This partnership paves the way for a promising therapy for autoimmune diseases with major unmet medical needs, with lupus as a priority target
31 May 2017 – Servier and ILTOO Pharma announced today the signature of an exclusive license option agreement for the development and commercialization of the ILT-101 drug candidate (low-dose interleukin-2) for the treatment of autoimmune diseases, with systemic lupus erythematosus (SLE) as the first target indication. This option shall be triggered in 2018 when the results of the ongoing phase 2 clinical study in SLE patients are known.
Under the terms of the agreement, and depending on the results of this international phase 2 trial in patients suffering from moderate to severe SLE, Servier may decide to exercise the license option to develop and commercialize ILT-101 (low-dose IL-2) worldwide in the treatment of autoimmune diseases, except for the United States and Japan, where ILTOO Pharma retains exclusive rights. In return for the grant of this option, ILTOO Pharma will receive €8 million immediately, and subsequent payments comprising one upfront payment upon exercise of the option, plus development and sales milestones worth a total of €200 million. The agreement also provides for double-digit royalty payments on future sales.
A French academic research team from AP-HP hospital authority and Sorbonne Universities led by Prof. Klatzmann, the co-founder of ILTOO Pharma, made the original discovery that low-dose IL-2 represents a promising therapy for multiple autoimmune diseases. These pathologies are caused by a shortage of regulatory T cells, a population of immune system cells that protects our tissue from attacks by other cell sub-populations from within our own immune system. Low-dose IL-2 stimulates the regulatory T cells, restoring this protection. The vast therapeutic potential of low-dose IL-2 was presented recently by Prof. Klatzmann and Prof. Abbas in a prestigious medical review1. This approach has the unique advantage of overcoming immune system dysregulation through the administration of a natural therapeutic protein. In contrast, the conventional immunosuppressive approach blocks the immune system at large, triggering potentially serious side effects in certain cases. Servier has decided to team up with ILTOO Pharma to deliver the benefits of these advances to patients.

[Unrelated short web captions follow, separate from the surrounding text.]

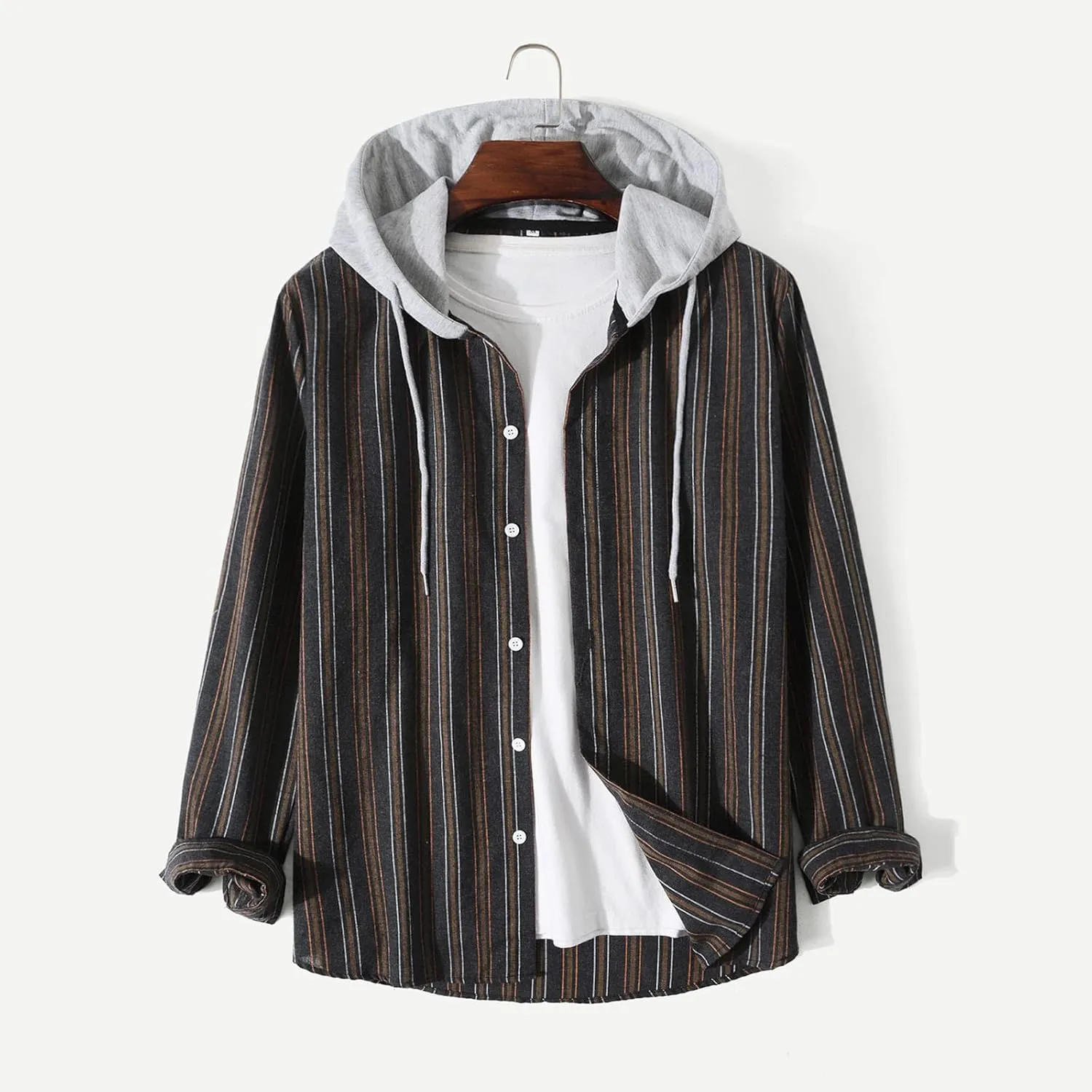 Plaid Hoodies Jackets for Men Lightweight Casual Long Sleeve Fleece Lined Casual Plaid Jacket Color Block Stitching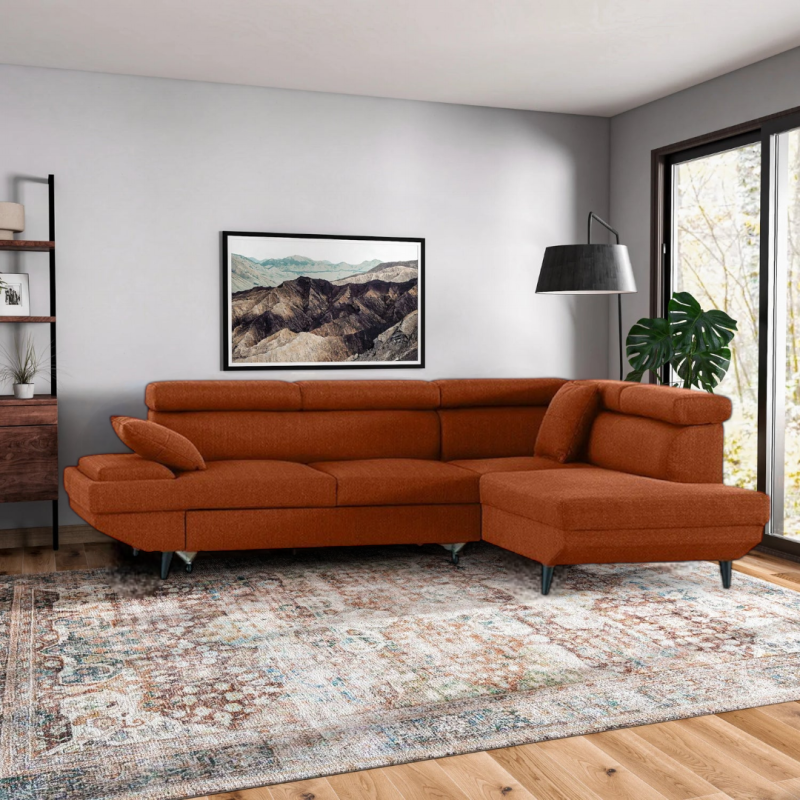 Coltar living extensibil LISA, cu tetiere relglabile si lada de depozitare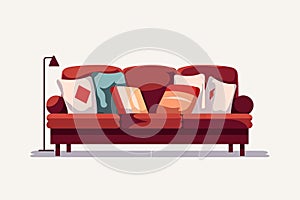 sofa vector flat minimalistic asset isolated illustration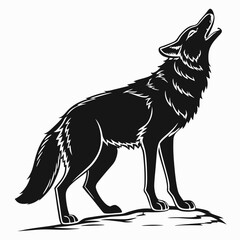 coyote sihouette black vecto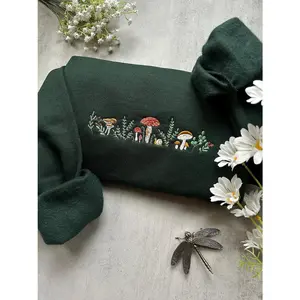 Embroidered Mushroom Sweatshirt, Cottagecore Embroidered Sweatshirt, Respect Wildlife, Camping Granola Girl Sweatshirt, Mushrooms Sweater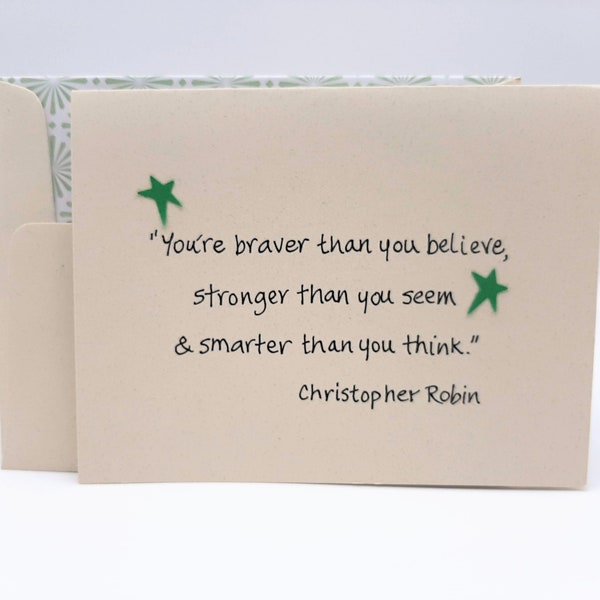 Christopher Robin Card - Braver - Stronger - Smarter - Encouragement  - Inspirational - Graduation Card - Birthday Card - Grandchild Card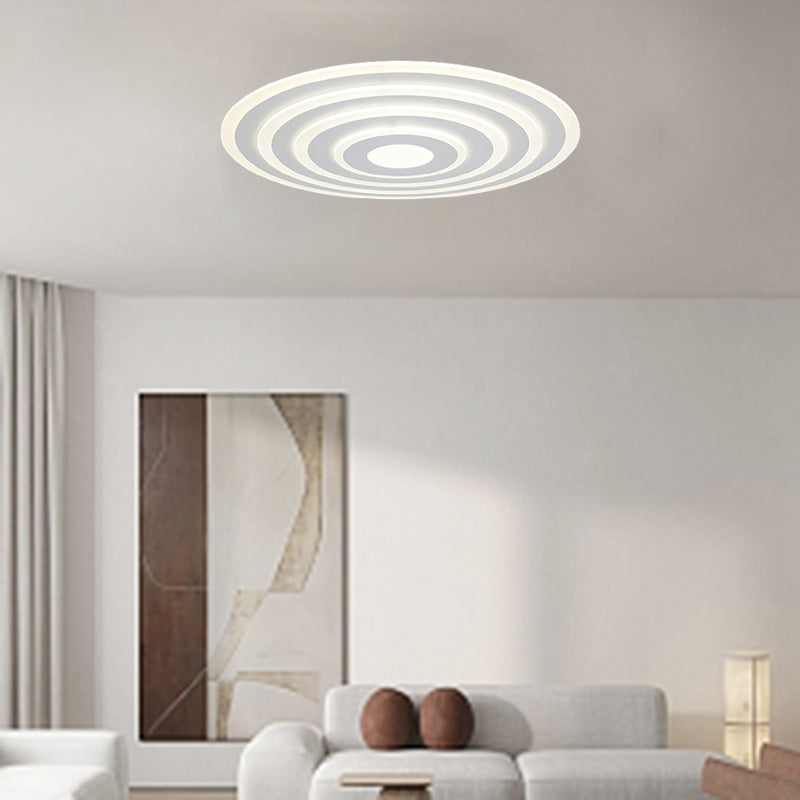 Modern Minimalist Round Iron Acrylic LED Flush Mount Ceiling Light For Bedroom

“The approach taken by ILTOO Pharma’s team persuaded us of ILT-101’s potential to treat highly debilitating diseases, for which no effective treatment exists today”, commented Patricia Belissa-Mathiot, Head of Servier’s R&D department for immune-inflammatory diseases. “Our original corporate structure of governance by a non-profit foundation enables us to invest in innovative projects in our areas of expertise for the benefit of patients.”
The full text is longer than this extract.